### GOAL OF THE EXERCISE
Take the lines from the beginning of the material through the line containing "502 Poston St, Clarksville, TN 37040 - #3" and retype them exactly, leaving the pictures out.

### LISTED ENTRIES
------------

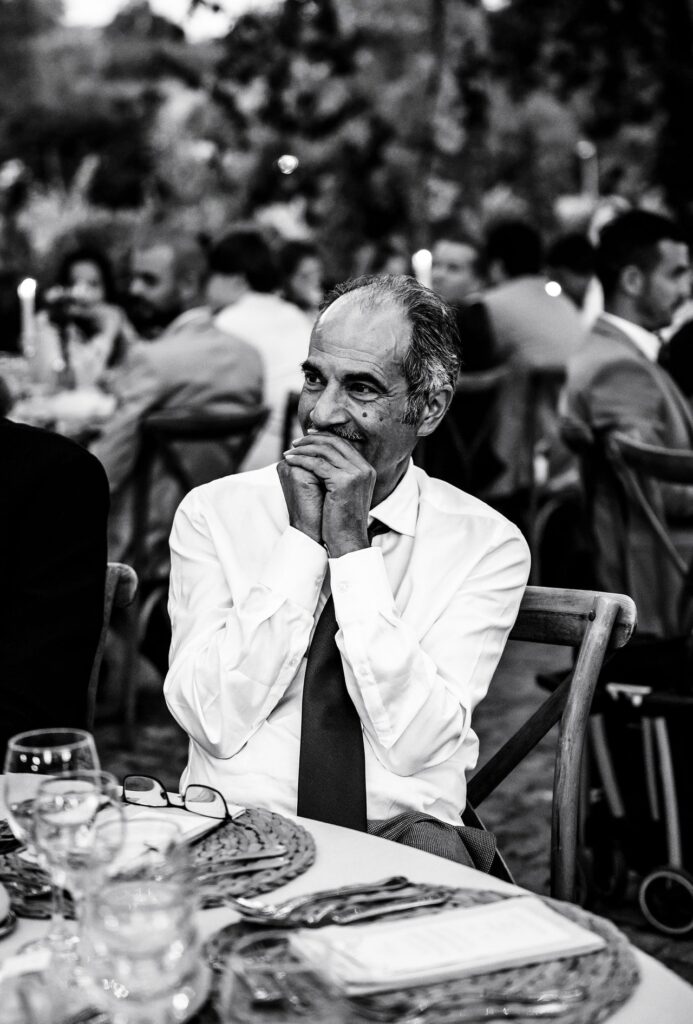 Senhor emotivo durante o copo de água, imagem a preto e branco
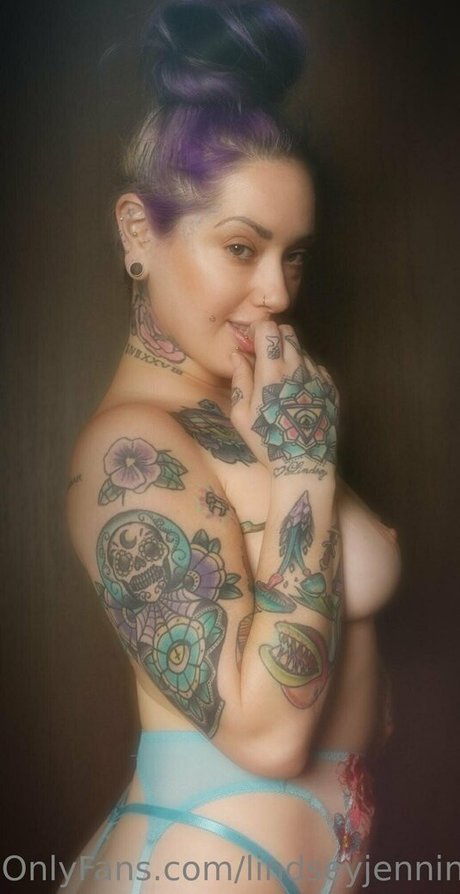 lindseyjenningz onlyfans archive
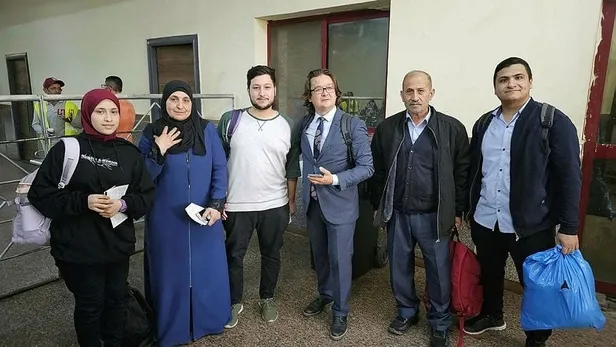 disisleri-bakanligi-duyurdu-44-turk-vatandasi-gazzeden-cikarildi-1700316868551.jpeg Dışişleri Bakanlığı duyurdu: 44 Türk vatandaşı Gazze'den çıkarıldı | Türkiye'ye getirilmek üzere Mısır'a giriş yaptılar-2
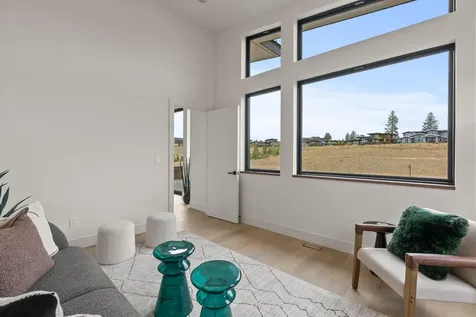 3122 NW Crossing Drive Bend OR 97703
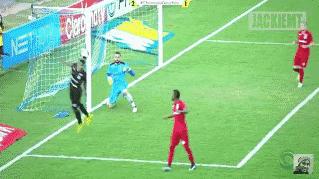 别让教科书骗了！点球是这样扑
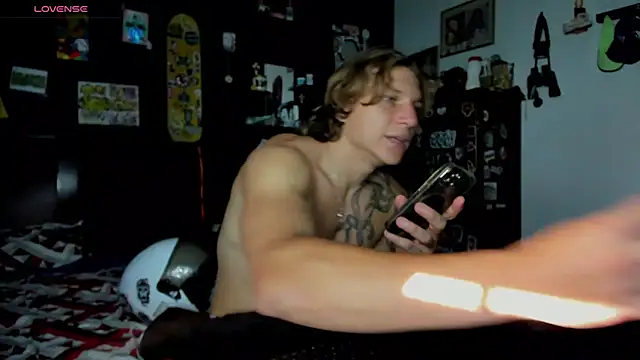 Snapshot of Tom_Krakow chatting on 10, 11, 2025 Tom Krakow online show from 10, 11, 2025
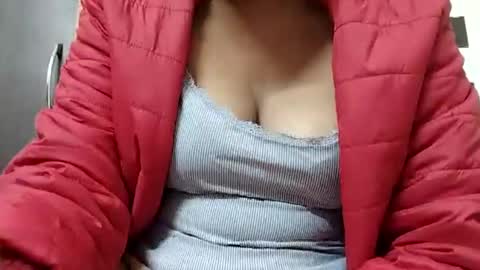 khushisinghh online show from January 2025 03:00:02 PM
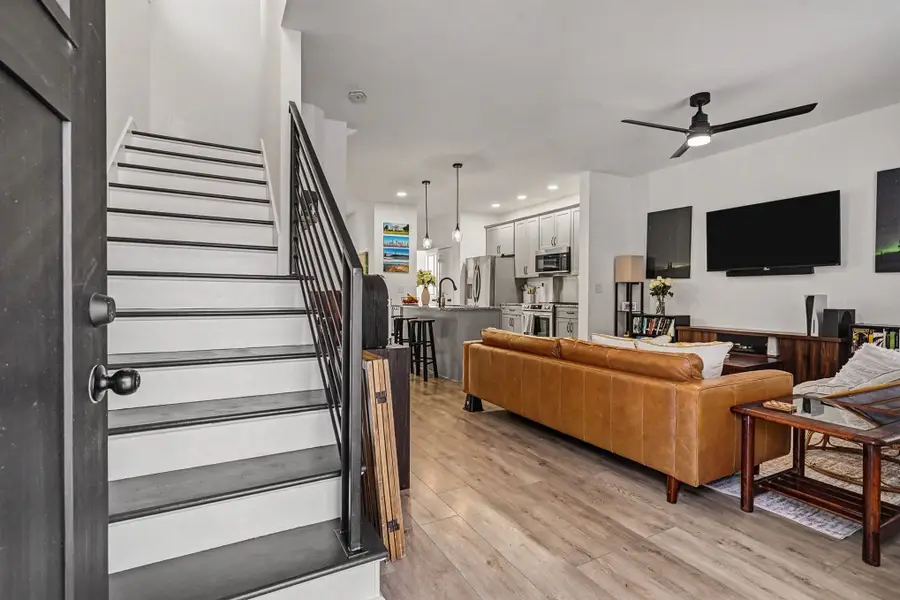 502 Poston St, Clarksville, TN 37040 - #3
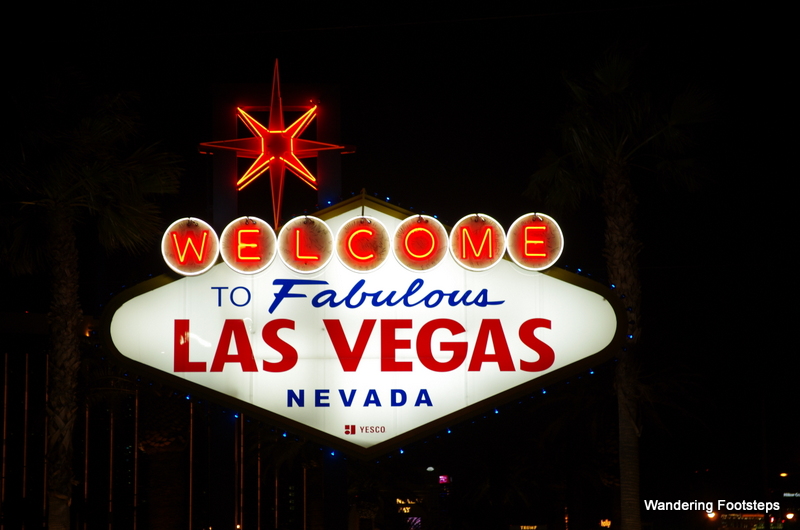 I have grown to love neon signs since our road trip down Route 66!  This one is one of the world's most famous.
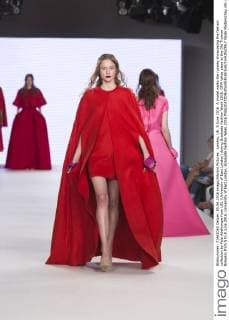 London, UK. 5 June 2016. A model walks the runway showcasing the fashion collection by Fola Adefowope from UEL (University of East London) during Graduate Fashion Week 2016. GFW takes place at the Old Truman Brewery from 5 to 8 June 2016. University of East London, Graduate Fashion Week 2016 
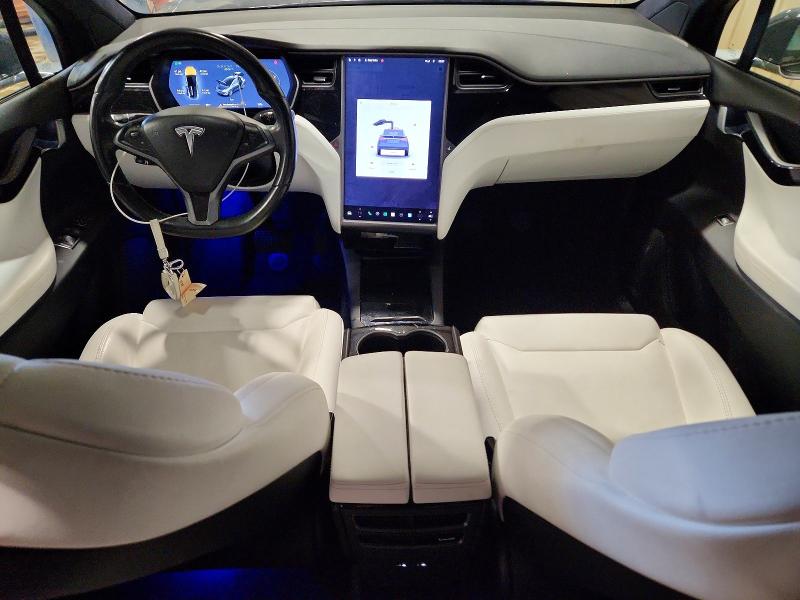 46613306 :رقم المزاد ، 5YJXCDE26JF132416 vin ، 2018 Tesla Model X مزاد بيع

------------

### COMPLETED EXERCISE
 Senhor emotivo durante o copo de água, imagem a preto e branco
 lindseyjenningz onlyfans archive
 disisleri-bakanligi-duyurdu-44-turk-vatandasi-gazzeden-cikarildi-1700316868551.jpeg Dışişleri Bakanlığı duyurdu: 44 Türk vatandaşı Gazze'den çıkarıldı | Türkiye'ye getirilmek üzere Mısır'a giriş yaptılar-2
 3122 NW Crossing Drive Bend OR 97703
 别让教科书骗了！点球是这样扑
 Snapshot of Tom_Krakow chatting on 10, 11, 2025 Tom Krakow online show from 10, 11, 2025
 khushisinghh online show from January 2025 03:00:02 PM
 502 Poston St, Clarksville, TN 37040 - #3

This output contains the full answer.